The whistleblower behind a leak of over 124,000 internal Uber files to a group of media organizations including The Guardian has come forward as a former lobbyist for the company.
The Guardian named the whistleblower as Mark MacGann, who worked at the company from 2014 to 2016 as its top lobbyist in Europe.
“I regret being part of a group of people which massaged the facts to earn the trust of drivers, of consumers and of political elites,” MacGann told The Guardian in a report revealing his identity.
MacGann said Uber had “sold people a lie” in convincing governments to change taxi laws on the basis the company would bring economic benefits.
“The company approach in these places was essentially to break the law, show how amazing Uber’s service was, and then change the law. My job was to go above the heads of city officials, build relations with the top level of government, and negotiate. It was also to deal with the fallout,” he said.
MacGann took an active role in some company decisions that he now decries, and told The Guardian he had been “drunk on the Kool-Aid” during his tenure there, but had slowly grown disillusioned after he left the company.
The documents MacGann leaked form the basis of a series of reports on Uber’s past activities. So far the documents have revealed the company had a secret “kill switch” to block law enforcement from accessing data and that cofounder and former CEO Travis Kalanick dismissed driver safety concerns.

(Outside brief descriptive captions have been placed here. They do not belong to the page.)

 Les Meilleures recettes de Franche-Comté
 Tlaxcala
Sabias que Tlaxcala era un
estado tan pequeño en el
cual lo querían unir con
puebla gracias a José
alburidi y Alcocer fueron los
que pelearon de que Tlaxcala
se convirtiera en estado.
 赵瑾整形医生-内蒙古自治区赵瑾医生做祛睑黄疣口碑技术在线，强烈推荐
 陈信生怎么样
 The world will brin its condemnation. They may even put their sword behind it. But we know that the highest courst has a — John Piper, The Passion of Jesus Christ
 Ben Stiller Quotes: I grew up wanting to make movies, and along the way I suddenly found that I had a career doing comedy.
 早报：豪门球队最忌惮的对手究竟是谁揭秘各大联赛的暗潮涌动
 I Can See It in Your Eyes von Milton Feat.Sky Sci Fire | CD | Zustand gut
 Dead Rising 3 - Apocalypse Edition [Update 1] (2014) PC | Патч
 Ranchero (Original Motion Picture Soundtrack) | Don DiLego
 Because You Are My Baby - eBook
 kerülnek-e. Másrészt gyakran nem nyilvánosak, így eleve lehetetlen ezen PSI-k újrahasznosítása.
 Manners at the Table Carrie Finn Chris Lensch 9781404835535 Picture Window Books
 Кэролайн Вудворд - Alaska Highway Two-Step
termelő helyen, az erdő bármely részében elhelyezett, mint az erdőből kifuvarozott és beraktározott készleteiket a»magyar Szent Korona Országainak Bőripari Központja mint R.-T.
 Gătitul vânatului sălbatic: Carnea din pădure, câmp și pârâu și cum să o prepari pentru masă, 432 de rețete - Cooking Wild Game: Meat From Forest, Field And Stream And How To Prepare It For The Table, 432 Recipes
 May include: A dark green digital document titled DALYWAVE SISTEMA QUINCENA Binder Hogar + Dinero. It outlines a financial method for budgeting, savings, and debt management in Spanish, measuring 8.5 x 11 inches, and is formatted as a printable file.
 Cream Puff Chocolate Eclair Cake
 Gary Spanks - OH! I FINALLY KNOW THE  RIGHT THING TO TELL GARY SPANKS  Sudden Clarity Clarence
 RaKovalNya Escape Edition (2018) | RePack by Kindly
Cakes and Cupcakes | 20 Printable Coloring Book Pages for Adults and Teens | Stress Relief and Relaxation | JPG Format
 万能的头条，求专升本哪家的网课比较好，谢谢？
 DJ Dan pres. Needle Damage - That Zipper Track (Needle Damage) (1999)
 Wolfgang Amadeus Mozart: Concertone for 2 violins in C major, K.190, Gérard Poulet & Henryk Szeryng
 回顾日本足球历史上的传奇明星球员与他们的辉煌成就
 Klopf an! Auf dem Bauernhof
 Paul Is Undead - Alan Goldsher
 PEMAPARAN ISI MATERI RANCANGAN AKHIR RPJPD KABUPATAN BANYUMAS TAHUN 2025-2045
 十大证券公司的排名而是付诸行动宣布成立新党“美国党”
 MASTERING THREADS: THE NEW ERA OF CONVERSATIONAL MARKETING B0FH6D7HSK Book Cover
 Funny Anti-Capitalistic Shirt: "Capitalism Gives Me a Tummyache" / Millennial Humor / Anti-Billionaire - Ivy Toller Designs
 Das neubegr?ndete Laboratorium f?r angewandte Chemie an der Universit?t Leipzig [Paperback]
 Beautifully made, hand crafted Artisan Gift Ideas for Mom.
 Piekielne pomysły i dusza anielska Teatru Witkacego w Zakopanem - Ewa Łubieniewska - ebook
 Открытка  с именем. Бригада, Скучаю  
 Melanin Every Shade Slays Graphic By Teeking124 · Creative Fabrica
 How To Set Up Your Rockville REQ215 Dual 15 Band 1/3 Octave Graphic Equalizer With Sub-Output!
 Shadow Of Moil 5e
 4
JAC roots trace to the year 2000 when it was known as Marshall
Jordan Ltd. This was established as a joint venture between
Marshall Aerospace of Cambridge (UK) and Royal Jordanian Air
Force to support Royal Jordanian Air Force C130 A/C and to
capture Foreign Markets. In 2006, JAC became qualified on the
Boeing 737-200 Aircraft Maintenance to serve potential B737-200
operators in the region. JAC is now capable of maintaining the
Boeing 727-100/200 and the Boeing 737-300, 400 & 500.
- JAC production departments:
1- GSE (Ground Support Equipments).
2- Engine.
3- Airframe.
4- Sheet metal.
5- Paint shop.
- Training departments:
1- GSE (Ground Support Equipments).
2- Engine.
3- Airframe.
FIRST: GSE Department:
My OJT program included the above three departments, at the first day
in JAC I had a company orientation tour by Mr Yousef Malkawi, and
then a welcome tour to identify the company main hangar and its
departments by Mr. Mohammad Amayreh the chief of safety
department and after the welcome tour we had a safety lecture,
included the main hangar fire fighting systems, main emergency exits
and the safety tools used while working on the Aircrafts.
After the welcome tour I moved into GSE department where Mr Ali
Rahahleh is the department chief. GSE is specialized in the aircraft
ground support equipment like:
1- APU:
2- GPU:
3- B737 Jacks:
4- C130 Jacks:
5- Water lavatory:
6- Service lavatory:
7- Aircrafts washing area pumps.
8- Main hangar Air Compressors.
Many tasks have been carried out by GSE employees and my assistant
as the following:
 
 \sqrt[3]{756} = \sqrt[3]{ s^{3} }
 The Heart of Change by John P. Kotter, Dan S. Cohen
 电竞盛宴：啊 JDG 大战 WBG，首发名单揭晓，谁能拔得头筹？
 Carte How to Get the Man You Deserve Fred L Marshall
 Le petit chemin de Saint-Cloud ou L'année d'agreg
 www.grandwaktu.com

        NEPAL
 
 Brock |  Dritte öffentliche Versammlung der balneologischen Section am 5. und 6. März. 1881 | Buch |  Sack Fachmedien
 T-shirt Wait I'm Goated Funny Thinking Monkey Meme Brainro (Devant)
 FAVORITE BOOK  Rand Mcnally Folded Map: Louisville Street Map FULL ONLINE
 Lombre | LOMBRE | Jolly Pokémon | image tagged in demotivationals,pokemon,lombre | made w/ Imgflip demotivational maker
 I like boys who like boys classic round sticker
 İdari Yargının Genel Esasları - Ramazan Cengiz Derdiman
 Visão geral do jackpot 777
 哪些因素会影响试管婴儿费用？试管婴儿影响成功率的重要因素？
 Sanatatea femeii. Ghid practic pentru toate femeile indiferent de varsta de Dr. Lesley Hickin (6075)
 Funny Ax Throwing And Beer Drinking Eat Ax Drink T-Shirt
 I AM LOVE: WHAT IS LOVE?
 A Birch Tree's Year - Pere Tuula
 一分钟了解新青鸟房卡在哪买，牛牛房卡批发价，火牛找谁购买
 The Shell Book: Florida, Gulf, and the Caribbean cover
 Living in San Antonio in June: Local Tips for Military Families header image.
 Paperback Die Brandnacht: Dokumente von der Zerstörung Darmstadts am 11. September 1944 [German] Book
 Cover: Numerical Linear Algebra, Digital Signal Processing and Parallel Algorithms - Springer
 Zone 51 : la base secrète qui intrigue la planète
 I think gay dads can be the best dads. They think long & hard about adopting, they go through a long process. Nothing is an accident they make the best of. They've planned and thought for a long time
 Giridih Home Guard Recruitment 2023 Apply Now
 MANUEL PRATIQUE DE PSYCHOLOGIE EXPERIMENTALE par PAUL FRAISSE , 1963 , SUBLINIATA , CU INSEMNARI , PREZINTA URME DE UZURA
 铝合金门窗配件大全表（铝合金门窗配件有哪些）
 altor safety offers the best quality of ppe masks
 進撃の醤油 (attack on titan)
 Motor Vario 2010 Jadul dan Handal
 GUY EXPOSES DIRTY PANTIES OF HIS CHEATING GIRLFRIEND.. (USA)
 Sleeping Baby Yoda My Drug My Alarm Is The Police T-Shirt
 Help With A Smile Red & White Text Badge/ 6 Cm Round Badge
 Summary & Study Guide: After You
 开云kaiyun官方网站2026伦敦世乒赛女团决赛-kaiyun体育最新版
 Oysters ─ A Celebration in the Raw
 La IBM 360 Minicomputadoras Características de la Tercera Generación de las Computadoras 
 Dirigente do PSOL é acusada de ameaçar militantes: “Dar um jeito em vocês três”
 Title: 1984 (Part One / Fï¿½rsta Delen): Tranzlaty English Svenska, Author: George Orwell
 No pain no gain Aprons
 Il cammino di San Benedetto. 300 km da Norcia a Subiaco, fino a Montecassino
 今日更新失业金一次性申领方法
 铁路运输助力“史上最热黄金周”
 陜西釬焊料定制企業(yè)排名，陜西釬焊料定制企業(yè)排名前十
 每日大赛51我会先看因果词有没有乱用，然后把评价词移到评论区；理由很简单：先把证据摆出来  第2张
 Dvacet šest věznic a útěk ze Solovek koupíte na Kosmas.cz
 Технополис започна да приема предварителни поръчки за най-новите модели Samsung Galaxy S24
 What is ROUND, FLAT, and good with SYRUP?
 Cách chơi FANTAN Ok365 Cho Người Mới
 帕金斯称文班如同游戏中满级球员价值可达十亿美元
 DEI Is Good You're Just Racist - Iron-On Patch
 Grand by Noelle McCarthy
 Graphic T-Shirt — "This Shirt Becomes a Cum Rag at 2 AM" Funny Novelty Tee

In a statement to The Guardian an Uber spokesperson said: “We understand that Mark has personal regrets about his years of steadfast loyalty to our previous leadership, but he is in no position to speak credibly about Uber today.”
Kalanick stepped down as CEO in 2017 and was succeeded by current CEO Dara Khosrowshahi.
Uber said in a statement to The Guardian that it recently reached a settlement with MacGann for $550,000 which it said resulted from MacGann claiming he was owed a bonus.
“It is noteworthy that Mark felt compelled to ‘blow the whistle’ only after his cheque cleared,” Uber said in its statement.
The Guardian reports MacGann contacted the paper five months before his settlement with Uber was reached. He also said he has yet to receive the full payout.
Uber and MacGann did not immediately respond when contacted by Insider.